[Study material]

◆ ◆ ◆

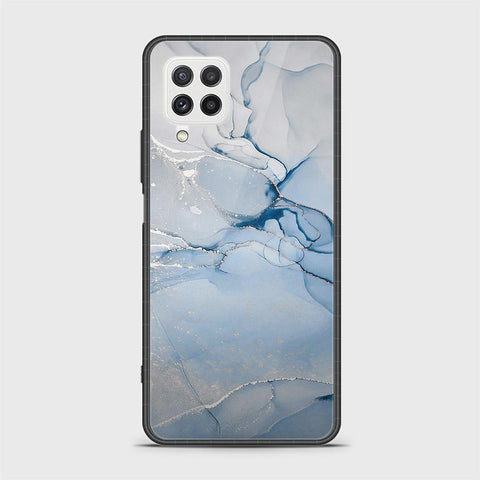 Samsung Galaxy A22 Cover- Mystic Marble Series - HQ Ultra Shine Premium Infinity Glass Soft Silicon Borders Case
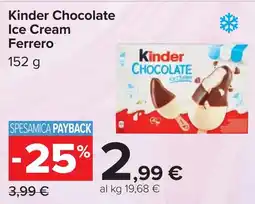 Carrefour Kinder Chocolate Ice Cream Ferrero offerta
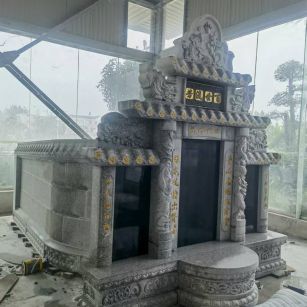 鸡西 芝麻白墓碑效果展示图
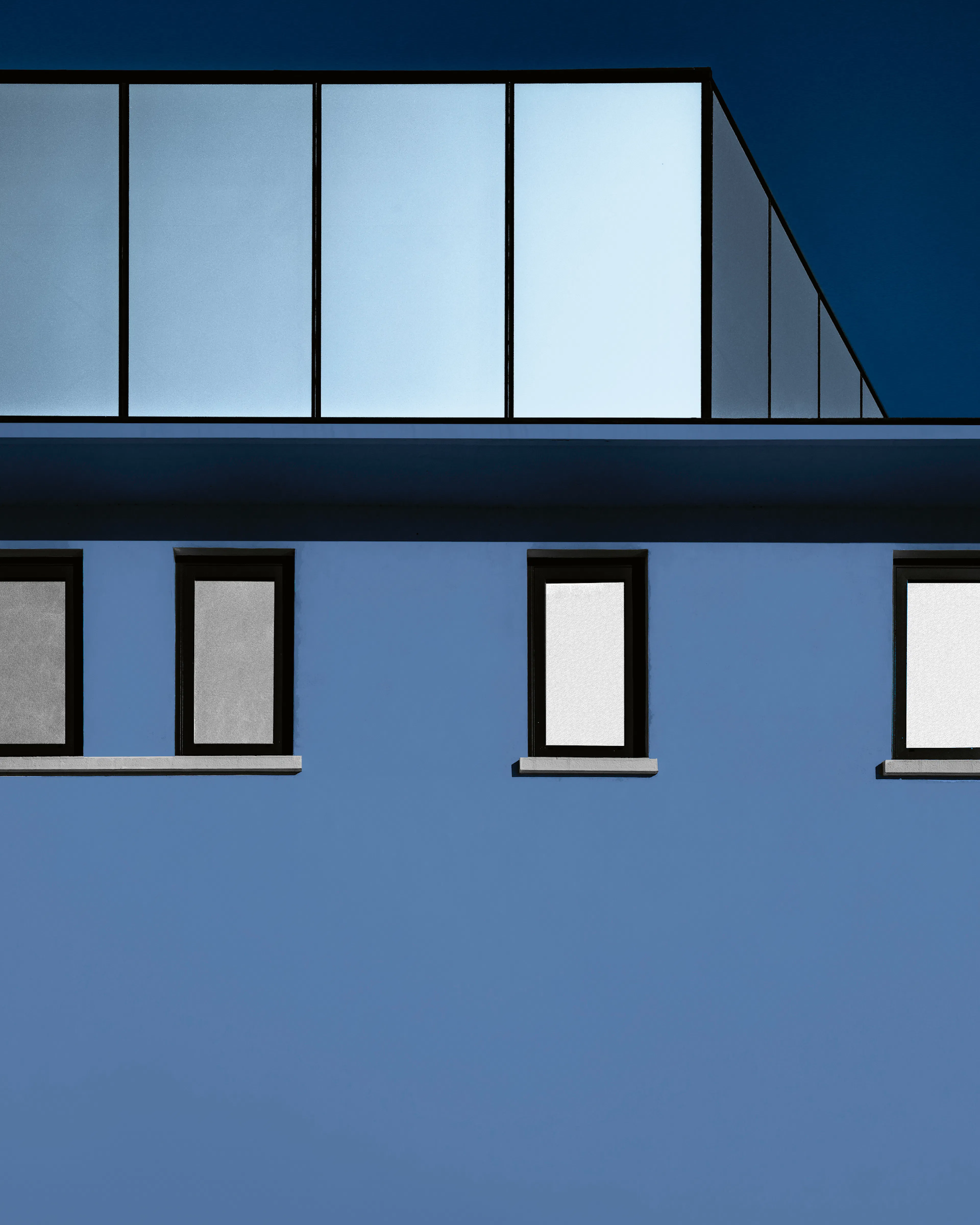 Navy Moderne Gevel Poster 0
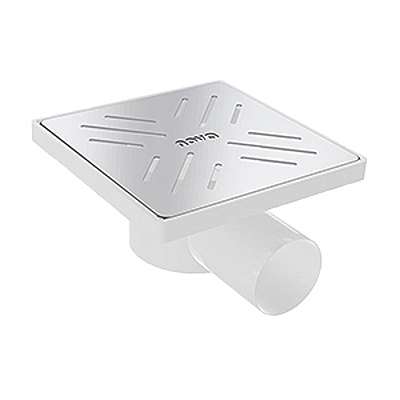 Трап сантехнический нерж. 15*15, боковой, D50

◆ ◆ ◆

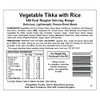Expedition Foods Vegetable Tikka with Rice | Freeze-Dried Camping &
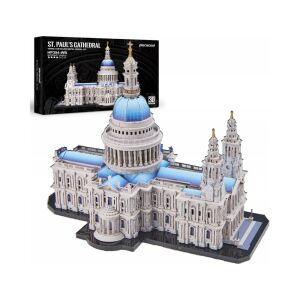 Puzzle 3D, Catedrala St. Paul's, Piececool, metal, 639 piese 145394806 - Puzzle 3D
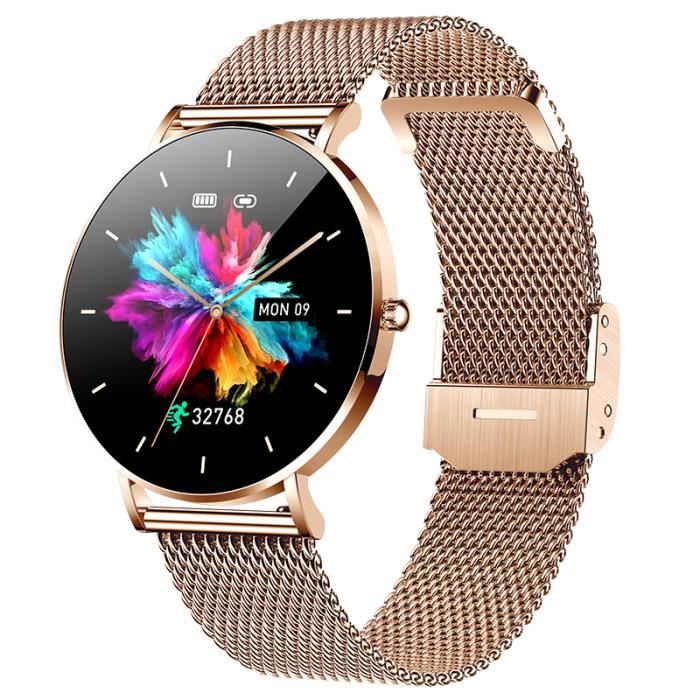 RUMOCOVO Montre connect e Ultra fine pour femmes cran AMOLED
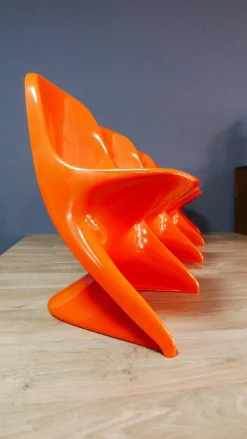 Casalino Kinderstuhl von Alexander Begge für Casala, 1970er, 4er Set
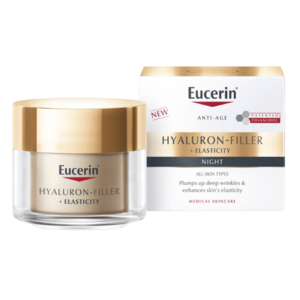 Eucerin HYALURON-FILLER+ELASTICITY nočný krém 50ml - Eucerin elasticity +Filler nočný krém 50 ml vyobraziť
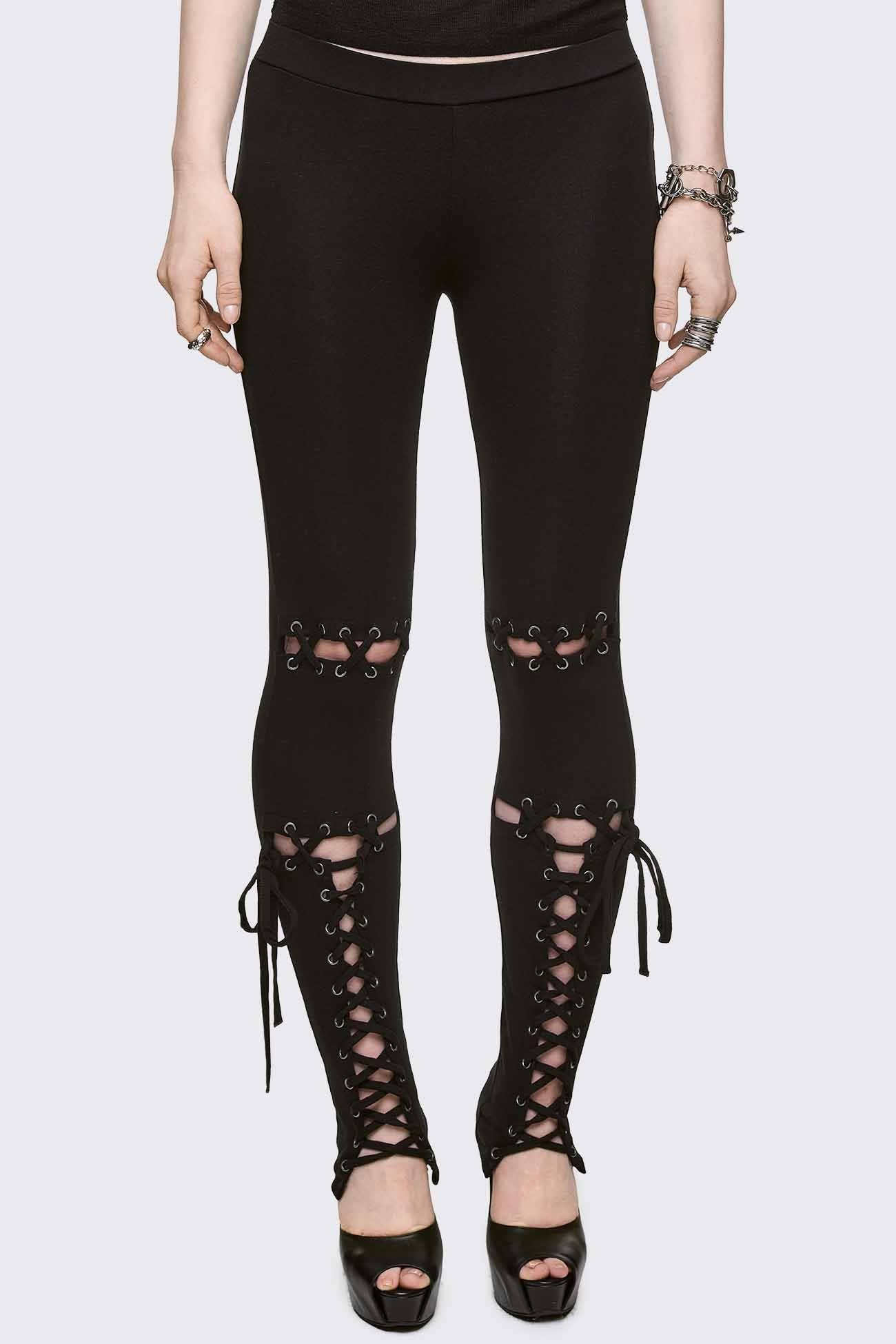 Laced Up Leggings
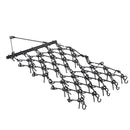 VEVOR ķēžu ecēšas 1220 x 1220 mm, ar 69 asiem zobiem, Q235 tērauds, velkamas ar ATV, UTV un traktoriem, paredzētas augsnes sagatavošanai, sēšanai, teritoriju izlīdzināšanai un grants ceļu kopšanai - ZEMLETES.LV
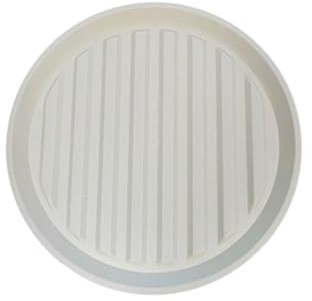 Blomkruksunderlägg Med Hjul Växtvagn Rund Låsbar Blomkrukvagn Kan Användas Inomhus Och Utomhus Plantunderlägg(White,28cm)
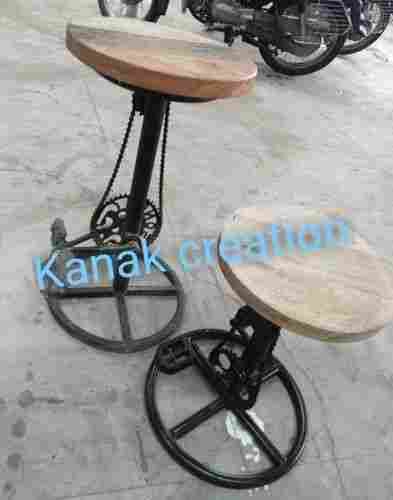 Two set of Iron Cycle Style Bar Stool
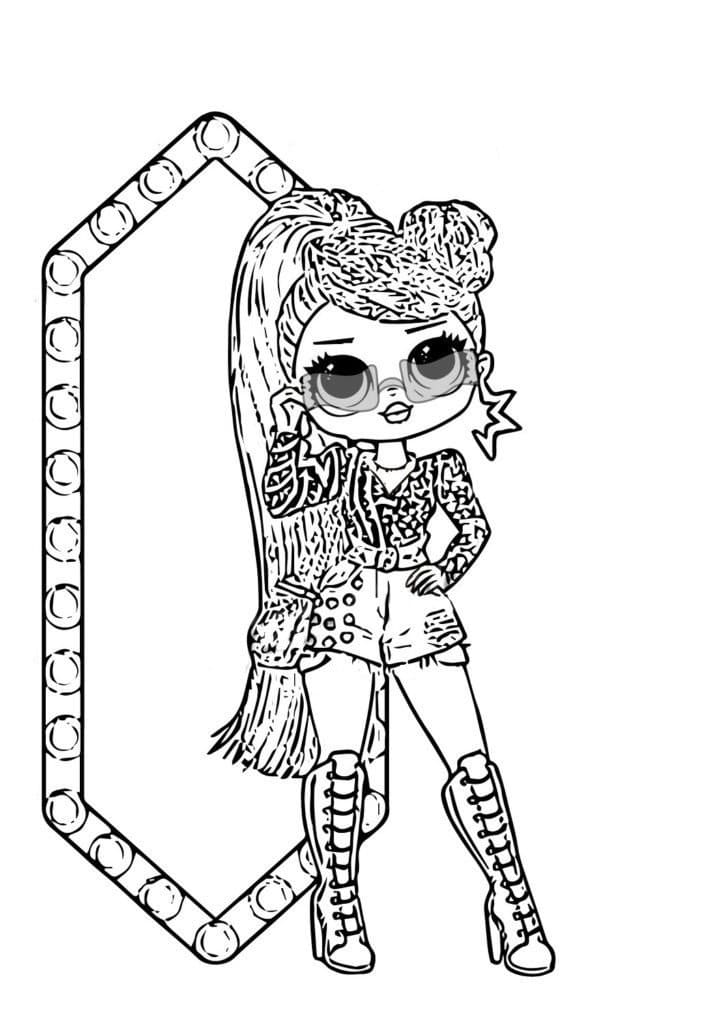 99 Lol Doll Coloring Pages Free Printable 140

◆ ◆ ◆

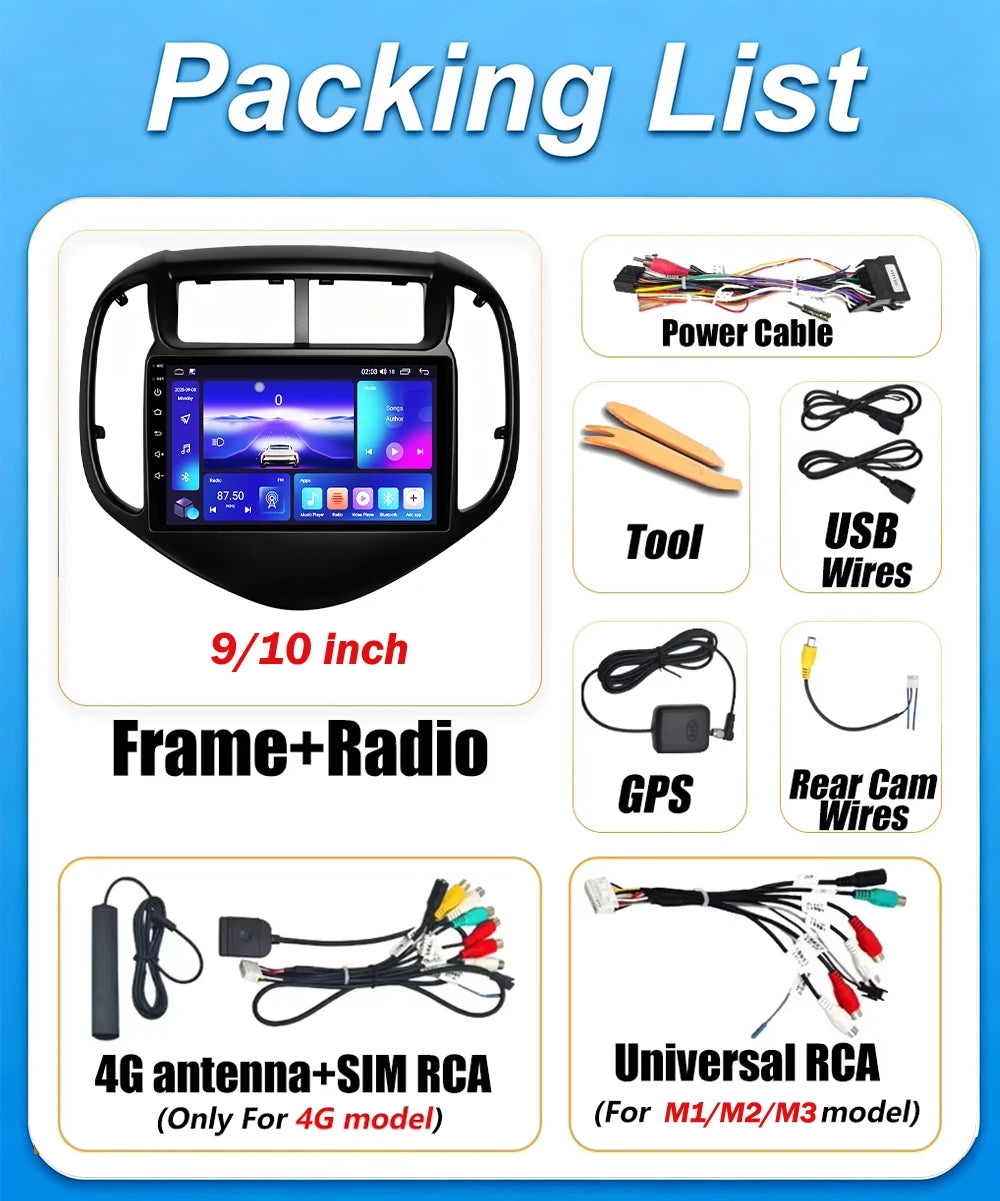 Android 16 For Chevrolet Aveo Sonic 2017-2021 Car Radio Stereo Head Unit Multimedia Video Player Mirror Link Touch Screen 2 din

◆ ◆ ◆

Set down exactly the lines above, from the line containing "Samsung Galaxy A22" through the line containing "Трап сантехнический нерж.". Skip the pictures.

 Samsung Galaxy A22 Cover- Mystic Marble Series - HQ Ultra Shine Premium Infinity Glass Soft Silicon Borders Case
 Carrefour Kinder Chocolate Ice Cream Ferrero offerta
 鸡西 芝麻白墓碑效果展示图
 Navy Moderne Gevel Poster 0
 Трап сантехнический нерж. 15*15, боковой, D50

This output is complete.